This article is part of our DFS Football 101 series.
It's good to be at Week 8 because we can now start to look at some in-season data and draw conclusions. While we still have a small sample size, the context is we have more than 40 percent of the season in the books.
The first position I will look at is quarterback, specifically on FanDuel. This is a position that offers two types of strategies: take the best QB in the top three for the week or look for the best mid-priced player based on matchups.
I usually don't go below $7,000 in cash games. The history shows that when you do, the likelihood of the QB busting is higher compared to any other range.
The strategy on FanDuel is usually to pay up for the best player and matchup because of the way the salaries are structured from top to bottom. If you can get one of the studs (Brady/Rodgers/Brees at home) usually they are favored with a high total. If one of them is not a play, then I look at the mid-tier with a good matchup and someone who is most likely to have 40 attempts.
One of the nuances with quarterbacks on FanDuel is there is not a huge spread in the top vs. bottom and the percent of the QB salary vs. the $60,000 cap. The top is usually $9,000 and the bottom is $6,000. Because they raised the floor from $5,000 to $6,000 this season, it has made anything less than $7,000 a high-risk play and usually not worth it. Also, because it is a 0.5 PPR, we know that the scoring for other skill position players will be less, so the top-tier QBs become even more important.
This chart shows where the best value for QB has been so far through Week 6:
The only difference in quarterback scoring on FanDuel and DraftKings is the three-point bonus on DK for 300 yards passing. So when you are looking at an average of about 20 points at the position vs. a cash game target score on FD of 120 (13 percent) vs. a target score of 150 on DK (10 percent), you can see why it is more important to nail the position on FanDuel.

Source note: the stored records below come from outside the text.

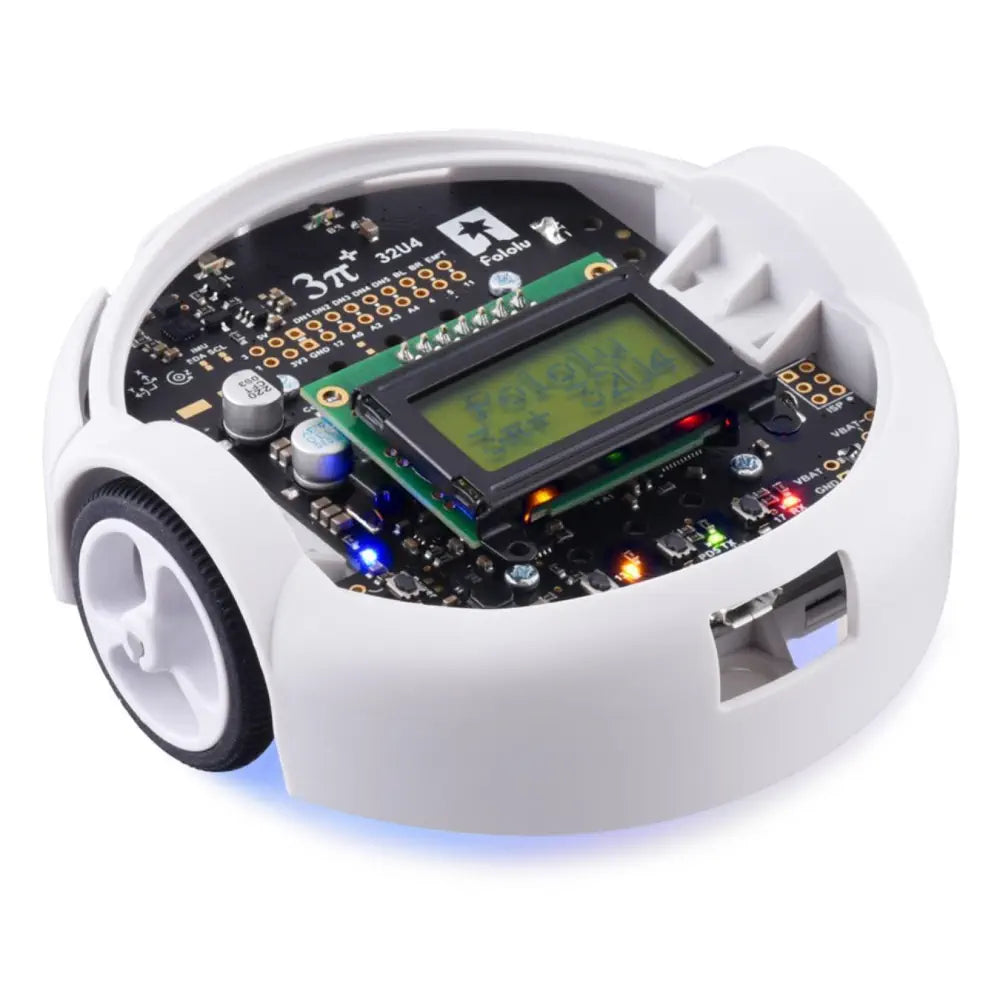 - Parrot climbing and standing wooden framePololu 3pi+ 32U4 Robot - Assembled Hyper Edition (15:1 HPCB Motors)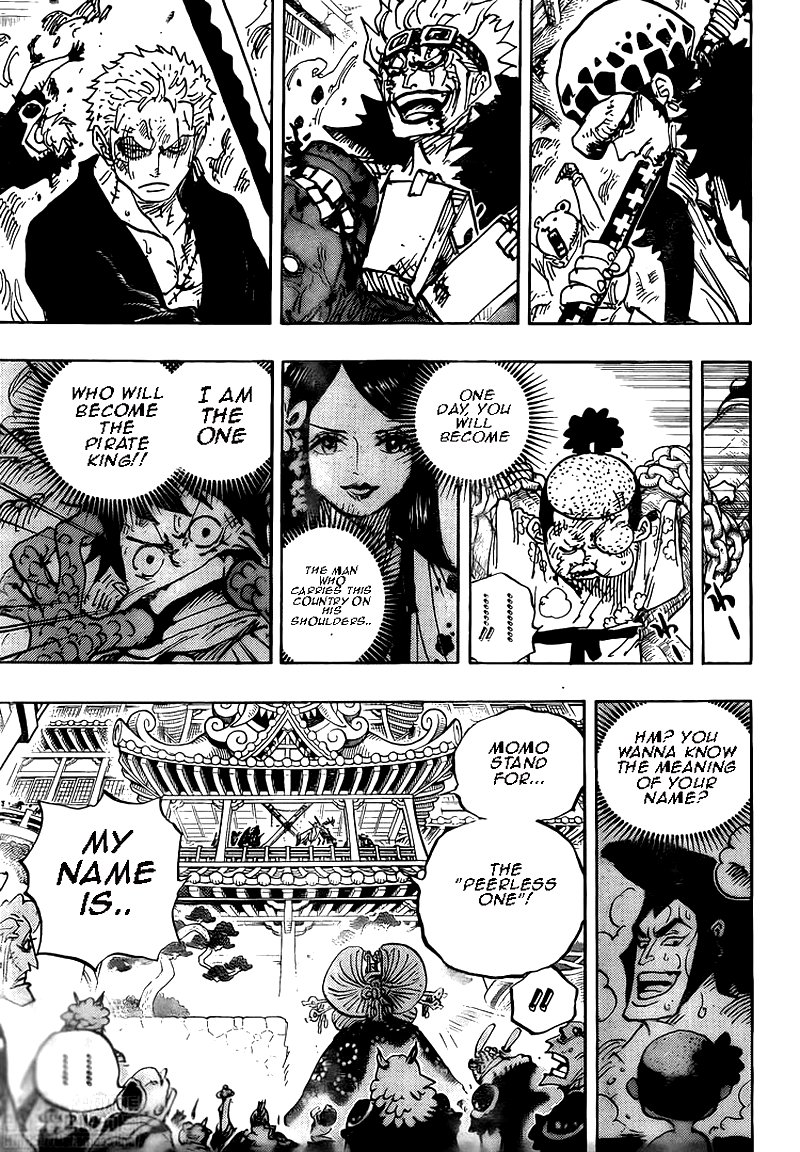 One Piece - Chapter 986: My Name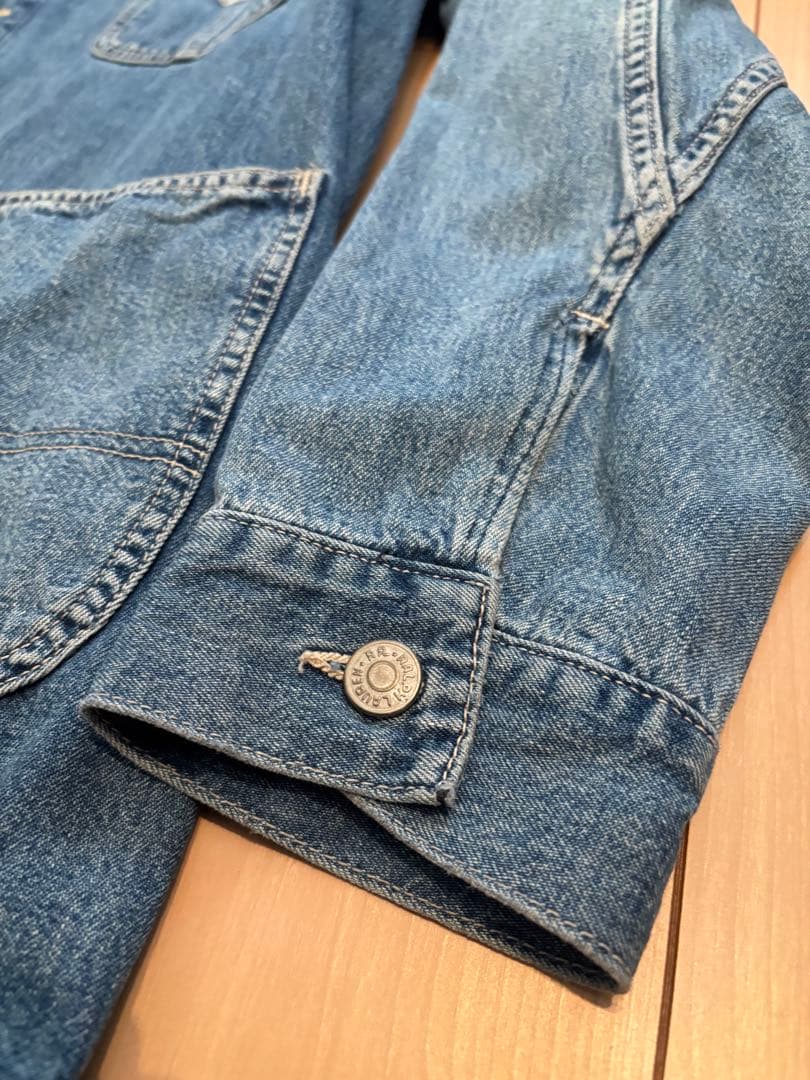 RRL カバーオール コーデュロイ襟 初期 三つ星 USA製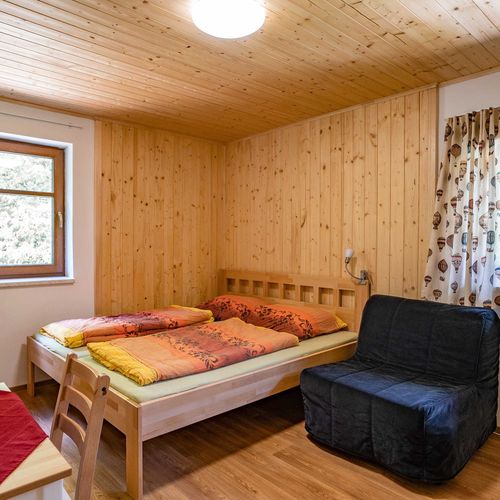 Apartman s vlastní kuchyňkou s manželskou postelí s 1 ložnicí s výhledem na les (s možností přistýlky)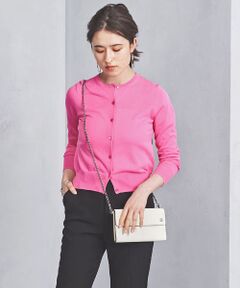 UNITED ARROWS / ユナイテッドアローズ カーディガン・ボレロ | ○UBCB ハイツイストコットン クルーネック カーディガン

I usually project out a minimum of 20 points of what I need from the position regardless of it being cash or tournaments. From there, I look at what the potential ceiling is for the player. I get the ceiling possibility by looking at the player history over the last season and current season, but I also look at the opposing defense and if they have been allowing big games to quarterbacks.
From a value perspective, I need at least 3x value in tournaments to consider a quarterback. This is where matchups, Vegas, and price all come into play. It's much easier to find a $7,000 QB to hit 21 points than it is for a $9,000 QB to hit 27 points. Once you get beyond a 300-yard passing, two-TD projection (20 points), it then comes down to: can he hit 350 or 400 yards? Can he hit three or four TDs? Is there a rushing angle in play? One rushing TD and 50 yards is 11 points. That's just about 300 yards passing if you look at it that way.
Another factor that can play into your quarterback decision are looking at home/road splits. Some QBs have a significant difference when playing at home – think Drew Brees, Ben Roethlisberger, Tyrod Taylor, Aaron Rodgers.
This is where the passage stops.